Make is a system for automatically building programs (running compiler, linker etc)

  • In particular, we will use GNU make
  • Rules for compilation are written in a Makefile
  • Rather complex syntax with many features, we will only cover basics

Rules

  • The main part of a Makefile are rules specifying how to generate target files from some source files (prerequisites).
  • For example the following rule generates file target.txt by concatenating files source1.txt and source2.txt:
target.txt : source1.txt source2.txt
      cat source1.txt source2.txt > target.txt
  • The first line describes target and prerequisites, starts in the first column
  • The following lines list commands to execute to create the target
  • Each line with a command starts with a tab character
  • If we have a directory with this rule in file called Makefile and files source1.txt and source2.txt, running make target.txt will run the cat command
  • However, if target.txt already exists, the command will be run only if one of the prerequisites has more recent modification time than the target
  • This allows to restart interrupted computations or rerun necessary parts after modification of some input files
  • make automatically chains the rules as necessary:
    • if we run make target.txt and some prerequisite does not exist, make checks if it can be created by some other rule and runs that rule first
    • In general it first finds all necessary steps and runs them in appropriate order so that each rules has its prerequisites ready
    • Option make -n target will show which commands would be executed to build target (dry run) - good idea before running something potentially dangerous

Pattern rules

We can specify a general rule for files with a systematic naming scheme.
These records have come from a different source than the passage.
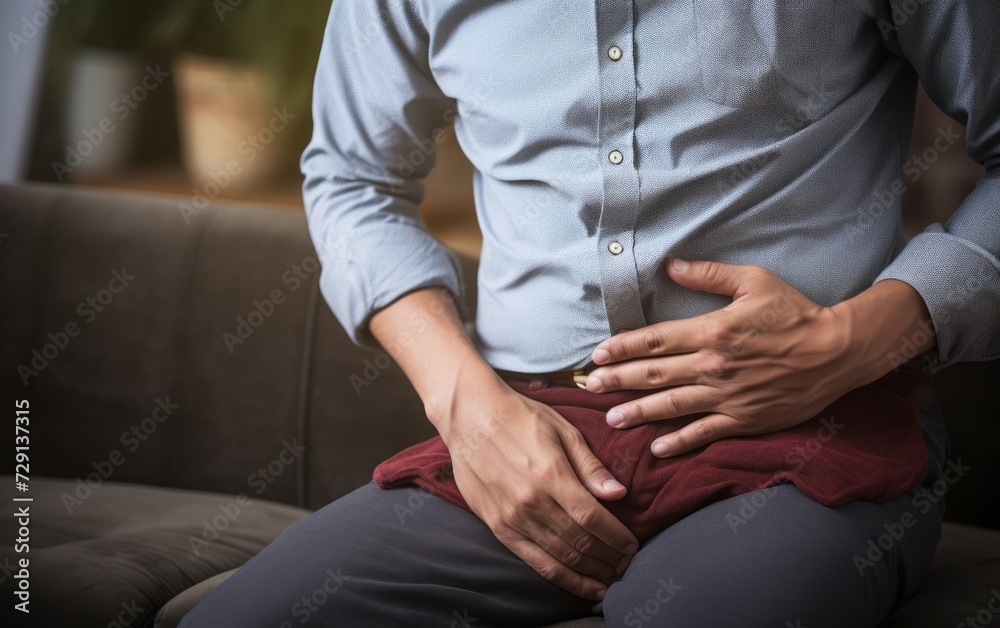 Man suffering from abdominal pain.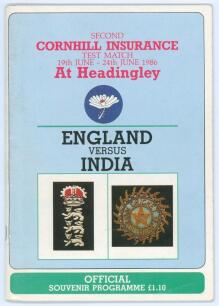 England v India, Headingley 1986. Official programme for the second Test match played on the 19th-24th July 1986. Signed by the England and Indian teams. Signatures include Gatting, Dilley, Gooch, French, Lamb, Gower, Lever, Kapil Dev, Shastri, Azharuddin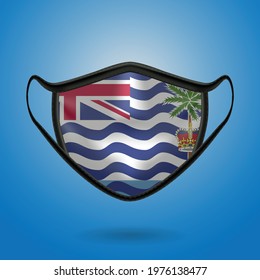 Realistic Protective Medical Mask with National Flag of British Indian Ocean Territory. Health care and medical concept With the flag. Vector illustration.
For example, to create a .pdf file from a .tex file, we use the pdflatex command:

%.pdf : %.tex
      pdflatex $^
  • In the first line, % denotes some variable part of the filename, which has to agree in the target and all prerequisites
  • In commands, we can use several variables:
    • Variable $^ contains the names of the prerequisites (source)
    • Variable $@ contains the name of the target
    • Variable $* contains the string matched by %

Other useful tricks in Makefiles

Variables

Store some reusable values in variables, then use them several times in the Makefile:

MYPATH := /projects/trees/bin

target : source
       $(MYPATH)/script < $^ > $@

Wildcards, creating a list of targets from files in the directory

The following Makefile automatically creates .png version of each .eps file simply by running make:

EPS := $(wildcard *.eps)
EPSPNG := $(patsubst %.eps,%.png,$(EPS))

all:  $(EPSPNG)

clean:
        rm $(EPSPNG)

%.png : %.eps
        convert -density 250 $^ $@
  • variable EPS contains names of all files matching *.eps
  • variable EPSPNG contains desirable names of .png files
    • it is created by taking filenames in EPS and changing .eps to .png
  • all is a "phony target" which is not really created
    • its rule has no commands but all .png files are prerequisites, so are done first
    • the first target in a Makefile (in this case all) is default when no other target is specified on the command-line
  • clean is also a phony target for deleting generated .png files

Useful special built-in target names

Include these lines in your Makefile if desired

.SECONDARY:
# prevents deletion of intermediate targets in chained rules

.DELETE_ON_ERROR:
# delete targets if a rule fails

Parallel make

Running make with option -j 4 will run up to 4 commands in parallel if their dependencies are already finished. Ths allows easy parallelization on a single computer.

Alternatives to Makefiles

  • Bioinformaticians often uses "pipelines" - sequences of commands run one after another, e.g. by a script or make
  • There are many tools developed for automating computational pipelines, see e.g. this review: Jeremy Leipzig; A review of bioinformatic pipeline frameworks. Brief Bioinform 2016.
  • For example Snakemake
    • Snake workflows can contain shell commands or Python code
    • Big advantage compared to make: pattern rules may contain multiple variable portions (in make only one % per filename)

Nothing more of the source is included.